About Linear Time Series

date: 2019-03-08
tags: machine-learning

This post mainly uses material from Analysis of Financial Time Series.

Stationarity

Stationarity is the foundation of time series analysis.

Strictly stationary

If the joint distribution of $(r_{t1}, ..., r_{tk})$ is identical to that of $(r_{t1_t}, ..., r_{tk_t})$ , where $k$ is an arbitrary positive integer and $(t_1, ..., t_k)$ is a collection of k positive integers.

This is a really strong condition.

Weak stationary

$\{r_t\}$ is weak stationary if

E[r_t]=\mu, Cov(r_t, r_{t-l})=\gamma_l

In application, weak stationary enables one to make inference concerning future obeservations.

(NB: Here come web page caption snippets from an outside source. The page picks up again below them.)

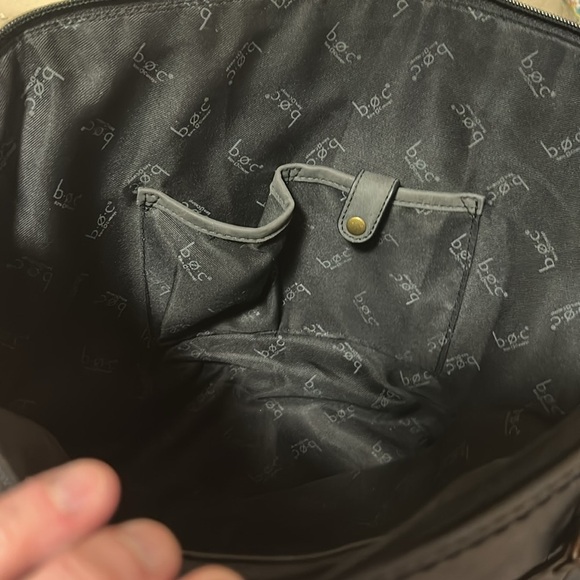 B.O.C. | Large Marbled Gray Suede Tote - Picture 8 of 11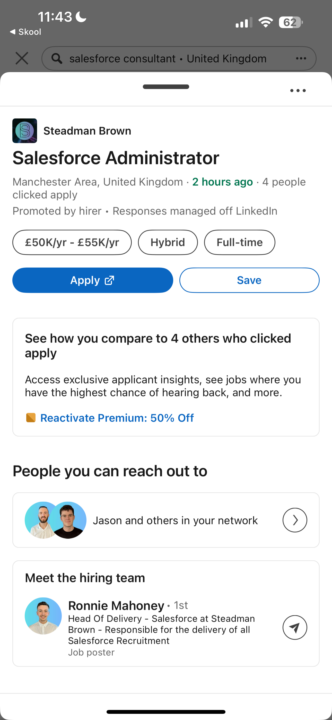 🚨 NEW SALESFORCE ADMINISTRATOR ROLE , SALARY: £50,000 to £55,000 🚨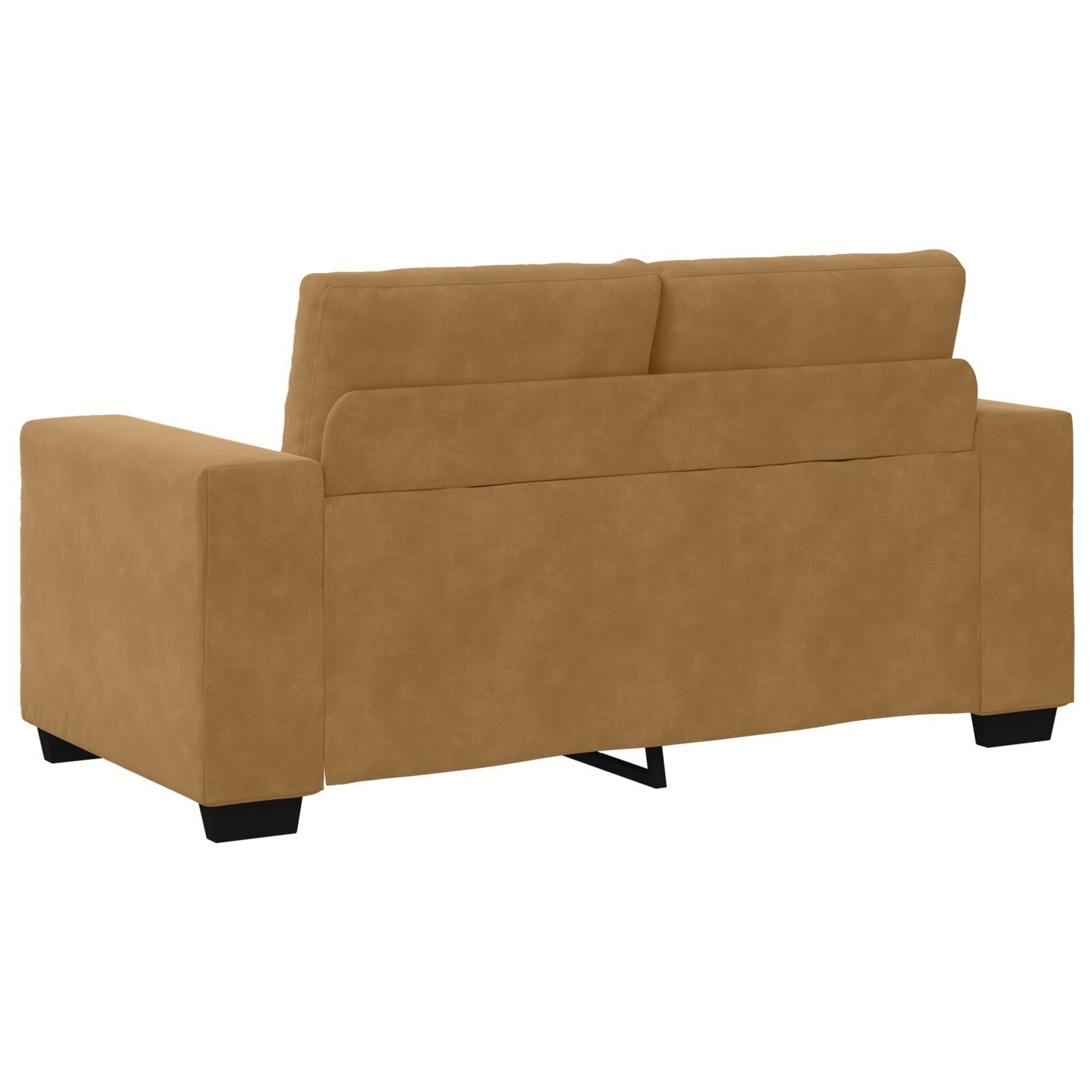 Set canapea vidaXL 2 piese cu perne din catifea maro Set canapea vidaXL 2 piese cu perne din catifea maro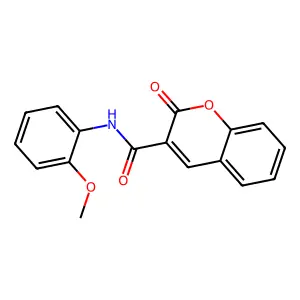 N-(2-methoxyphenyl)-2-oxo-2H-chromene-3-carboxamide structure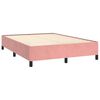 vidaXL Cama box spring con colch&oacute;n terciopelo rosa 140x200 cm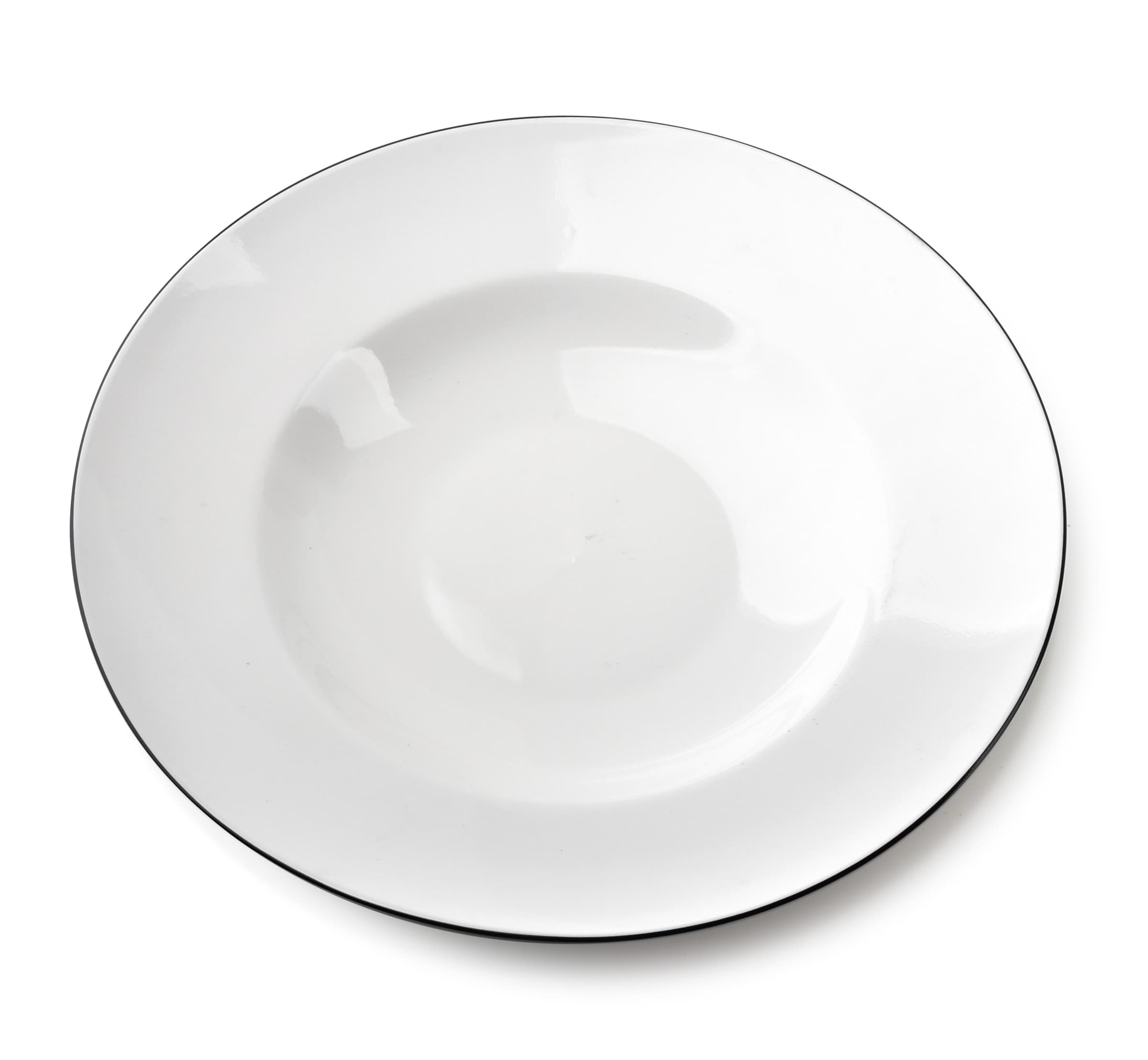 Porcelánový tanier SIMPLE hlboký biely 1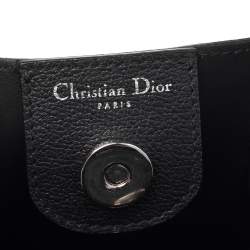 Pre Owned حقيبة يد توتس ديور بلوسوم جلد محبب أسود صغيرة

We can assume that the first two moment of a weak stationary series is finite. And if $\{r_t\}$ is normally distributed, weak stationary is equivalent to strict stationary.

Also, $\gamma_l$ is called the lag- $l$ autocovariance of $r_t$ . And we have

\gamma_0=Var(r_t), \gamma_{-l}=\gamma_l

Correlation and autocorrelation function (ACF)

Correlation efficient:

\rho_{x,y}=\frac{Cov(X, Y)}{\sqrt{Var(X)Var(Y)}}=\frac{E[(X-\mu_x)(Y-\mu_y)]}{\sqrt{E[(X-\mu_x)^2E[(Y-\mu_y)^2]}}

And empirically, we can insert mean as the expectation in the formula.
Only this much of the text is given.